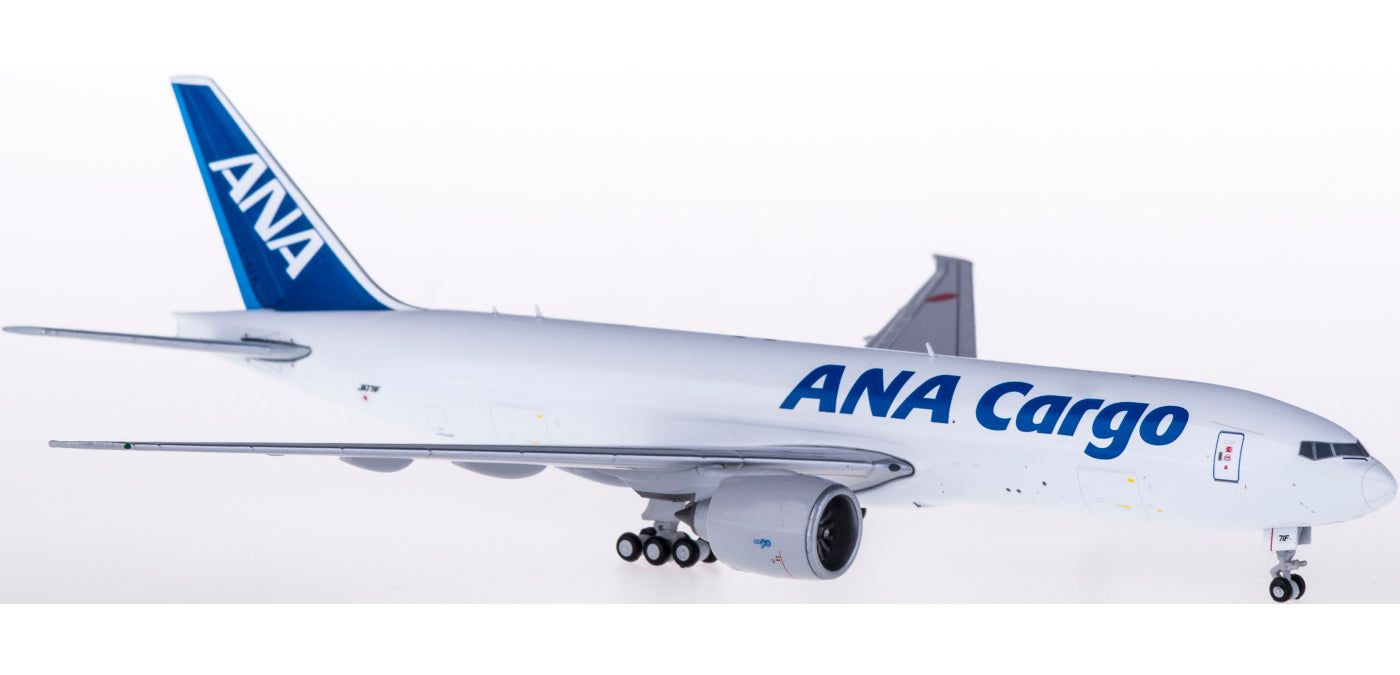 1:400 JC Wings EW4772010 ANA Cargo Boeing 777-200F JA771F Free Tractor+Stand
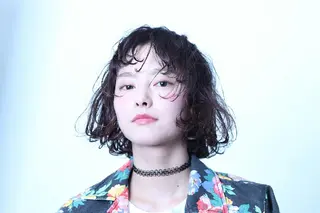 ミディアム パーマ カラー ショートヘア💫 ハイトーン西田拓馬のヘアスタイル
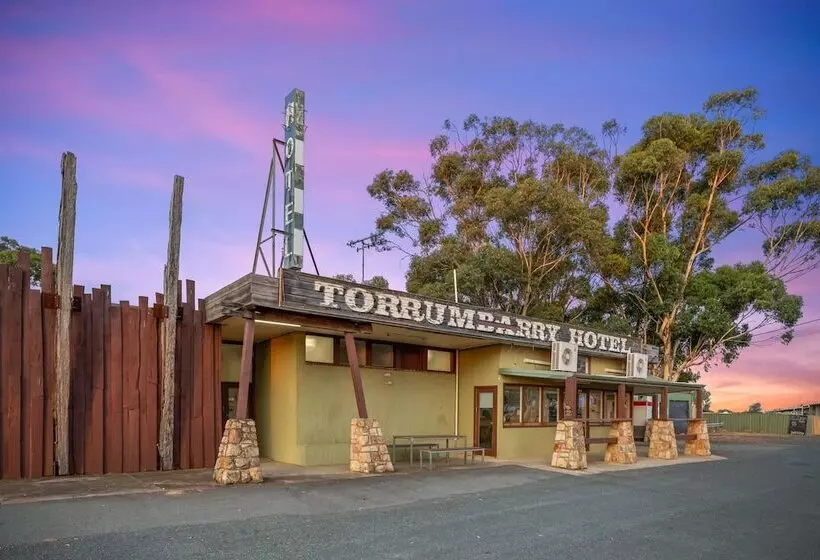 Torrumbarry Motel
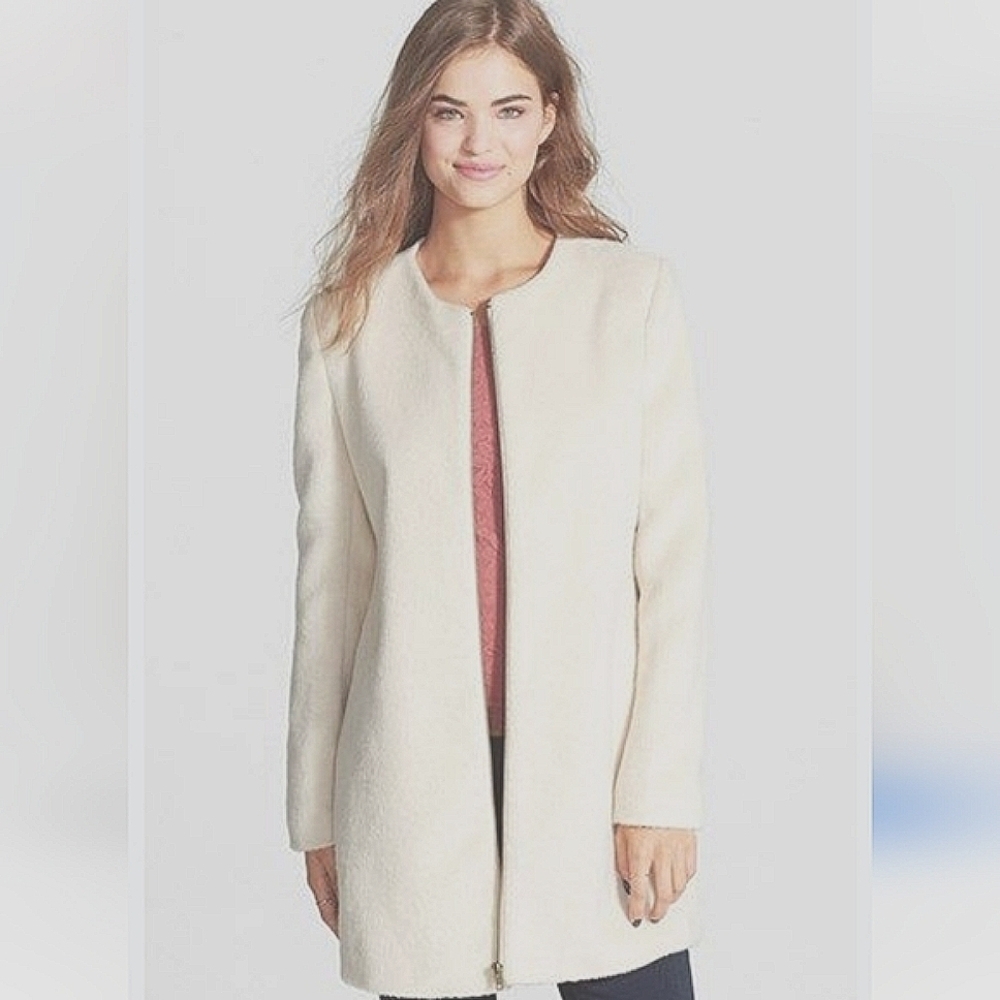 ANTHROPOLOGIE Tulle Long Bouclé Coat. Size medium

■ ■ ■ ■

# [WHAT YOU NEED TO DO]
Only exact copies are wanted here. Write out the lines from the one containing "ミディアム パーマ カラー ショートヘア💫 ハイトーン西田拓馬のヘアスタイル" through the end of the material and no others, omitting all pictures.

# [WRITTEN SOLUTION]
 ミディアム パーマ カラー ショートヘア💫 ハイトーン西田拓馬のヘアスタイル
 Torrumbarry Motel
 ANTHROPOLOGIE Tulle Long Bouclé Coat. Size medium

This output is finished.